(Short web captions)
#####
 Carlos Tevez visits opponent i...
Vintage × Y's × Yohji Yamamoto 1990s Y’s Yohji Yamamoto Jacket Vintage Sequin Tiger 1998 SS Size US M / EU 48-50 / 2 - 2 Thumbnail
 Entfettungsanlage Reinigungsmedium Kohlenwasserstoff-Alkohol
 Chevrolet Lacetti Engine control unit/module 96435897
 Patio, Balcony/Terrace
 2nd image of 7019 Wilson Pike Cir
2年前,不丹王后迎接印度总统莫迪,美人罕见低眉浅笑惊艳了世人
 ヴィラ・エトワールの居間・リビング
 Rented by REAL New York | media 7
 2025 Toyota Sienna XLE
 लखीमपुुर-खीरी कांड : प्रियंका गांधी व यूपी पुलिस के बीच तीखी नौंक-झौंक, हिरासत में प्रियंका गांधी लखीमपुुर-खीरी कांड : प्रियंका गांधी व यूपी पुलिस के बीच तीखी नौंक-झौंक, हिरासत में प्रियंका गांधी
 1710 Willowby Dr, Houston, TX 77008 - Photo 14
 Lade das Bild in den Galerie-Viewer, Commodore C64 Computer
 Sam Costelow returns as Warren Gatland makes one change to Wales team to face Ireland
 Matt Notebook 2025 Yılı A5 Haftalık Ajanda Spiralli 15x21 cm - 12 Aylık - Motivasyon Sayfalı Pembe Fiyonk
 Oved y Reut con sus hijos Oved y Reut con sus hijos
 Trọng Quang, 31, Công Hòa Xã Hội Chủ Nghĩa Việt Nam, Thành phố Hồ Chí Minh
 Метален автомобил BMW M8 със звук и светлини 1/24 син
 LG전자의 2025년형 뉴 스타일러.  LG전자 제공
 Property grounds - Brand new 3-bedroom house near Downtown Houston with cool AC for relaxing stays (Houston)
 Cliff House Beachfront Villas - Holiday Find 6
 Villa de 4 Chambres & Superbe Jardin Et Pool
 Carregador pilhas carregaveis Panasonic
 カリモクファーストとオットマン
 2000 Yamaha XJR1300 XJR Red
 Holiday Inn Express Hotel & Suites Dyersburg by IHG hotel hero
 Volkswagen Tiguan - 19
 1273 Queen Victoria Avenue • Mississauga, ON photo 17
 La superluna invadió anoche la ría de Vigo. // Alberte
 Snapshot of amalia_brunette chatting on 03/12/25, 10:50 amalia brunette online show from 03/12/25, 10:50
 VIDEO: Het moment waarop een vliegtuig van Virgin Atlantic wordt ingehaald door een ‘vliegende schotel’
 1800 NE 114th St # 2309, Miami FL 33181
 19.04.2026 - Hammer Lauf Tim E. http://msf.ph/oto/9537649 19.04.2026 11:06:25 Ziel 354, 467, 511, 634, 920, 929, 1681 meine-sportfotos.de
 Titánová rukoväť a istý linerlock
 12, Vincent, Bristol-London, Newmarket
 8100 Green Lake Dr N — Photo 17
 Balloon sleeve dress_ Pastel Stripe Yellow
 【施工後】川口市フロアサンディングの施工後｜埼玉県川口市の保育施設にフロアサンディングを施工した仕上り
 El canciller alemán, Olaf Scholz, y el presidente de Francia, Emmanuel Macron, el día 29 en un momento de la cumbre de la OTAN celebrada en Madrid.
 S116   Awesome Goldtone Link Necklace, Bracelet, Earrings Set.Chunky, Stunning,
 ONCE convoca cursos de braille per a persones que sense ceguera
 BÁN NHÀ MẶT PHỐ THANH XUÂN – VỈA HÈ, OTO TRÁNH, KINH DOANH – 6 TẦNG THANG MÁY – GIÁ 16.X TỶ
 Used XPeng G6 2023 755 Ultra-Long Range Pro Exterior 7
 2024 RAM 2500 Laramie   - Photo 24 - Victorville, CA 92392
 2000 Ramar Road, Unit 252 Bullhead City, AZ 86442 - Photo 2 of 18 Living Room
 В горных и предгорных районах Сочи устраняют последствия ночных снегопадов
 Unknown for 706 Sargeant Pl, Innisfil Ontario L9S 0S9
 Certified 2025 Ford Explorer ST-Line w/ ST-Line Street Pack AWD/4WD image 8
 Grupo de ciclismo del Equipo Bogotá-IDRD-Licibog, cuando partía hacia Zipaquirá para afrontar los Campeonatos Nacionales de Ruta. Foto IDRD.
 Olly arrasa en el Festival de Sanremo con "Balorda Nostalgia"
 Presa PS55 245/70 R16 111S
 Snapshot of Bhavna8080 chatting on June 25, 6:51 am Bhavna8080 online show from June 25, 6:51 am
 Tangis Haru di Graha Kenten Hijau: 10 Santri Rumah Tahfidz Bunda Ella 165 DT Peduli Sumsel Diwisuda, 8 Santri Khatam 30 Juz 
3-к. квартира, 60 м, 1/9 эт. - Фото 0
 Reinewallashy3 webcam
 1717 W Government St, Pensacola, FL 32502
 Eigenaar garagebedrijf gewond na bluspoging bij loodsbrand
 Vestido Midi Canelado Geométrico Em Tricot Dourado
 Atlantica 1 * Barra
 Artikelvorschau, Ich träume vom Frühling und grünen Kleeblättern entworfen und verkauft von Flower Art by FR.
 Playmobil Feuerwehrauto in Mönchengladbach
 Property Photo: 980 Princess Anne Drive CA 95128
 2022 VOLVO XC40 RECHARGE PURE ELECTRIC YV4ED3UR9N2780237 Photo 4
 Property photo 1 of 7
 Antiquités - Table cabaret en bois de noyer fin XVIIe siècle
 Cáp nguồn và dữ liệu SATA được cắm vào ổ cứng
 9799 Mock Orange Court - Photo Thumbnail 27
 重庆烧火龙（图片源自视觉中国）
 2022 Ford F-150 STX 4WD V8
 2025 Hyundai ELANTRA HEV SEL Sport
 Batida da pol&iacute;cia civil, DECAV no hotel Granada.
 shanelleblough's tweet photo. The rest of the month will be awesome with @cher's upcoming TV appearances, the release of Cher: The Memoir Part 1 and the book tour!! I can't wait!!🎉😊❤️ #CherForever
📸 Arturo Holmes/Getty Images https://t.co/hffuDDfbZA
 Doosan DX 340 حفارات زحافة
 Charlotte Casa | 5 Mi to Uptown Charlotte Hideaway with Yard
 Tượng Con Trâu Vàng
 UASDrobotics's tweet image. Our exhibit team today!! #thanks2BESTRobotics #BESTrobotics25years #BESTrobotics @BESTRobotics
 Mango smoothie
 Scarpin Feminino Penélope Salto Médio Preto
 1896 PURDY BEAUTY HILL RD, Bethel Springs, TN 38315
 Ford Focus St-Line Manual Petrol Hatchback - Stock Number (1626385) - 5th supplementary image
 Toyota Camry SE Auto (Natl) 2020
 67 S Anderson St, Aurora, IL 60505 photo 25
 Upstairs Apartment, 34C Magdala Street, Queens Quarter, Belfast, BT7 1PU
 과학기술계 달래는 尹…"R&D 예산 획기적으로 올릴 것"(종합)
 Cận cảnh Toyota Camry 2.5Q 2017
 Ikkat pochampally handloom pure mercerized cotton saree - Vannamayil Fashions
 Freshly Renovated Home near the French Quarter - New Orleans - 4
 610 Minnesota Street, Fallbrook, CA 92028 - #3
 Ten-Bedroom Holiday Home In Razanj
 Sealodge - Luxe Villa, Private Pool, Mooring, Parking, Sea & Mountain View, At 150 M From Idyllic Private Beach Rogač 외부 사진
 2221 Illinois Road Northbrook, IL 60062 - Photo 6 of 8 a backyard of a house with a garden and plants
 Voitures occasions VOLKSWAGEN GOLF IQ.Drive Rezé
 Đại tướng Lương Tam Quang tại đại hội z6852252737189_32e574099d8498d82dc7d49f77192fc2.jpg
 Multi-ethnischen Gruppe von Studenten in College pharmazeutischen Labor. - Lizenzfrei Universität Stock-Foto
#####
* Task objective *
Supply the count of lines in the entries that include "Drive", and no other text.

* Finished task *
2